00:01.0 ff00: 103c:1303 (rev ff) (prog-if ff)
        !!! Unknown header type 7f

00:01.1 0780: 103c:1302 (rev ff) (prog-if ff)
        !!! Unknown header type 7f

00:01.2 0700: 103c:1048 (rev ff) (prog-if ff)
        !!! Unknown header type 7f

00:02.0 0c03: 1033:0035 (rev ff) (prog-if ff)
        !!! Unknown header type 7f

00:02.1 0c03: 1033:0035 (rev ff) (prog-if ff)
        !!! Unknown header type 7f

00:02.2 0c03: 1033:00e0 (rev ff) (prog-if ff)
        !!! Unknown header type 7f


00:03.0 0300: 1002:515e (rev ff) (prog-if ff)
        !!! Unknown header type 7f


- At times, the serial console would become unresponsive

How reproducible:

Somewhat random.  Once it occurs it becomes more consistent.
Frequency higher if kernel does NOT direct output to a serial console.


Steps to Reproduce:

- ensure primary console is VGA (through conconfig in EFI)
- install RHEL5.2 on rx2660 via graphics head

Actual results:

Some graphics hangs, blackouts.

Expected results:

Works.

Additional info:

We have a system in Atlanta that shows this problem.   Am attempting to gather
kdump information.

Customer in Mexico experiencing problem.  

sosreport attached is from system in Atlanta lab.

On Mon, 2008-06-16 at 21:39 +0000, Red Hat Issue Tracker wrote:
> I'll see if I can track down one of our rx2660's here so I can hand an
> engineer a system that reproduces the problem. In the meantime, how
> critical is this issue to the customer? These days one typically
> doesn't associate Itaniums with desk-side systems that are used
> graphically...

The criticality is unclear.  This is a new customer to HP,
and the first experience they had with the machine was the
problems during installation.   As a result, they are left
with very bad impressions of the hardware and with the
Red Hat OS.

You may need to reboot several times.  Concurrent access
to the MP console may also be necessary, but it is not
clear.   In my testing after a cold boot, I had 6 or 7
boots without an issue, and then 5 or 6 with the problem
followed by 2 or 3 with no problem.

I think think this needs at least a medium priority since:

- there are no release notes on this issue and no warning to
 avoid graphical installation or usage

- the kernel soft-lockups could lead to real panic

- the serial console has also become inoperable during the
 soft-lockups, reducing the amount of control the user has
 over the system

My guess is that this is somehow related to the ILO2
functionality that is new with this machine.   The lspci
output seems to illustrate that.

Rick

Rick,

I seem to have duplicated the problem our customer sees.

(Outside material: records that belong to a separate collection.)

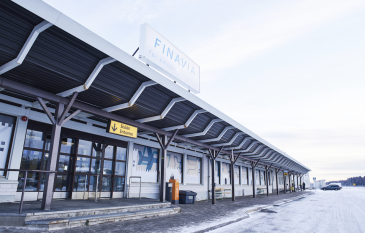 Kemi-Tornion lentokenttä.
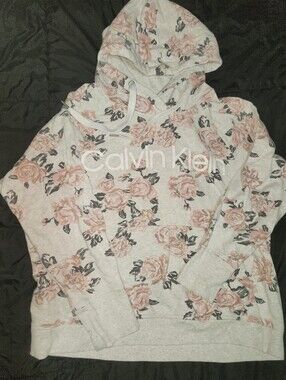Calvin Klein Floral Hoodie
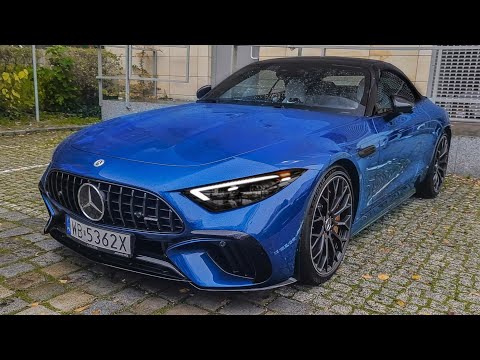 2023 Mercedes SL 63 AMG - Review, Interior, Exterior, Sound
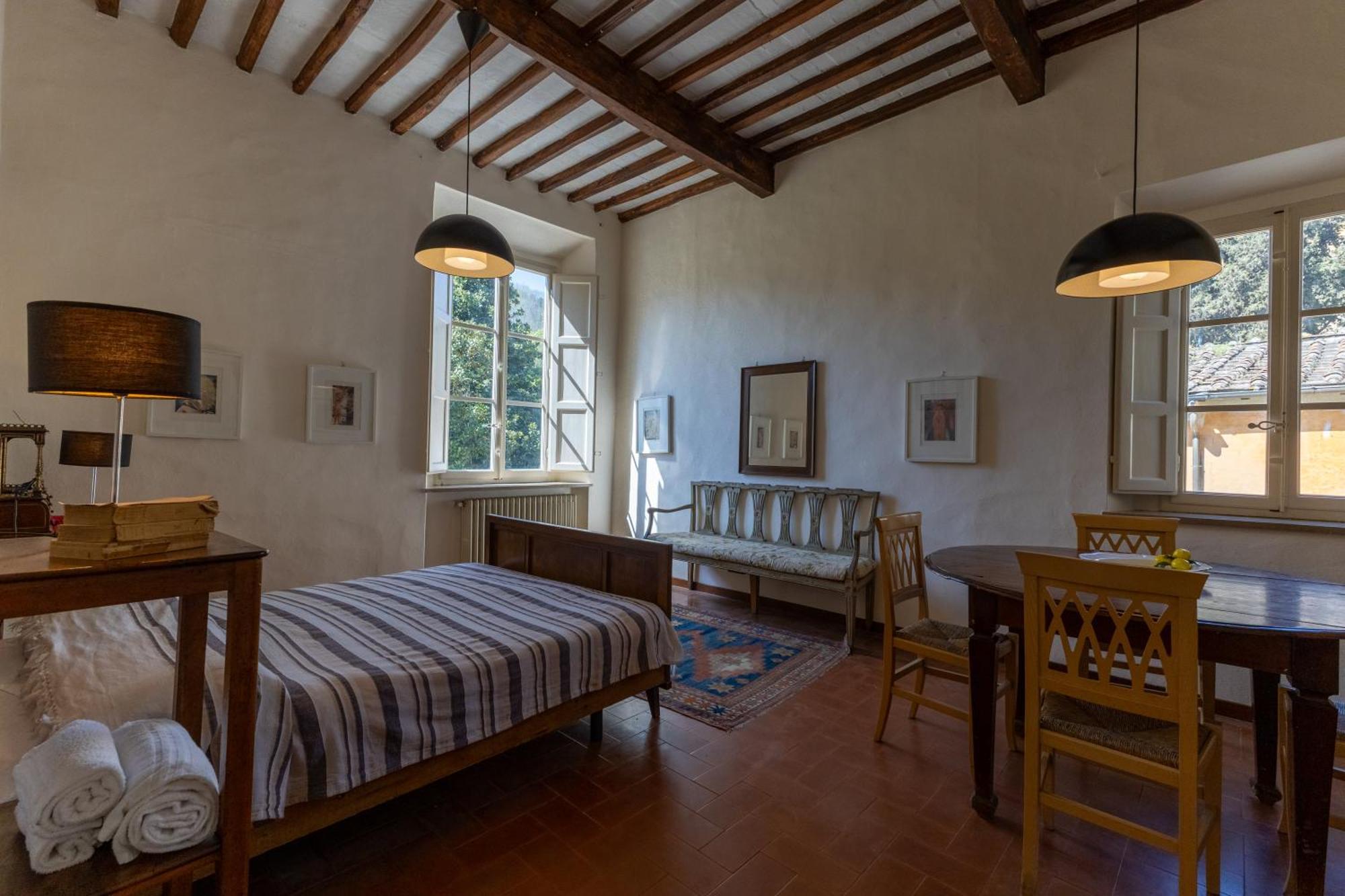 Il Casale Di Villa Rossi Lucca Eksteriør billede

Here's a couple of
notes from my testing:

- The issue seems to occur far more regularly when the remote console is open
and being used, however it did occur once without the console open as well.
- It also seems to occur more regularly with the Xen kernel, however I was able
to trigger it with the bare-metal kernel as well (Xorg.0.log and softlockup
message attached from that session)
- The softlockups do cause the system as a whole to become extremely slow until
it begins printing the errors to the X log, at which point it seems to return to
some  semblance of normalcy.

I'll ask Doug (the Integrity onsite engineer) if he's ever come across anything
like this before, and escalate to SEG at the same time as well.

-David

Problem Summary: Graphics often don't work on HP rx2660 systems. Usually
accompanied by soft lockups (possibly unrelated?) and always by the RADEON
errors in the Xorg.0.log.

Supporting Materials: sosreports, X log, traceback messages.

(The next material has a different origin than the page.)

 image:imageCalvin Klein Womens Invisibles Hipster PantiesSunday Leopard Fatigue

Reproducer: You can reproduce the problem simply by starting/stopping (init 3/5)
X on a system. You don't even have to be looking at a monitor - I wasn't.

hp-merlion-01 in RHTS will reproduce the problem. hp-rx2660-03 in RHTS is the
same model system and should as well.

Requested Action from SEG: Fix/escalate.

Comment 1 Alan Matsuoka 2008-06-19 15:26:52 UTC
Created attachment 309851 [details]
sosreport-rx2660.3611111111-825161-284597.tar.bz2

Comment 2 Alan Matsuoka 2008-06-19 15:29:02 UTC
Created attachment 309853 [details]
in house sysreport

Comment 3 Alan Matsuoka 2008-06-19 15:29:59 UTC
Created attachment 309855 [details]
Xorg.0.log from in house system

Comment 4 Alan Matsuoka 2008-06-19 15:30:40 UTC
Created attachment 309856 [details]
hp-merlion-01-softlockup.txt

Comment 5 Alan Matsuoka 2008-06-19 15:31:50 UTC
Created attachment 309857 [details]
sosreport-hp-merlion-01.186429-296757-f529cd.tar.bz2

Comment 6 RHEL Program Management 2008-06-19 15:58:51 UTC
This bugzilla has Keywords: Regression.  

Since no regressions are allowed between releases, 
it is also being proposed as a blocker for this release.  

Please resolve ASAP.

Comment 7 Doug Chapman 2008-06-19 18:38:18 UTC
It appears that this is due to a bad BIOS firmware rev on the VGA controller.  I
re-flashed the card on the system here at Red Hat and it now works fine.  I am
working with HP support so they can get the customer system fixed as well.

Closing as NOTABUG.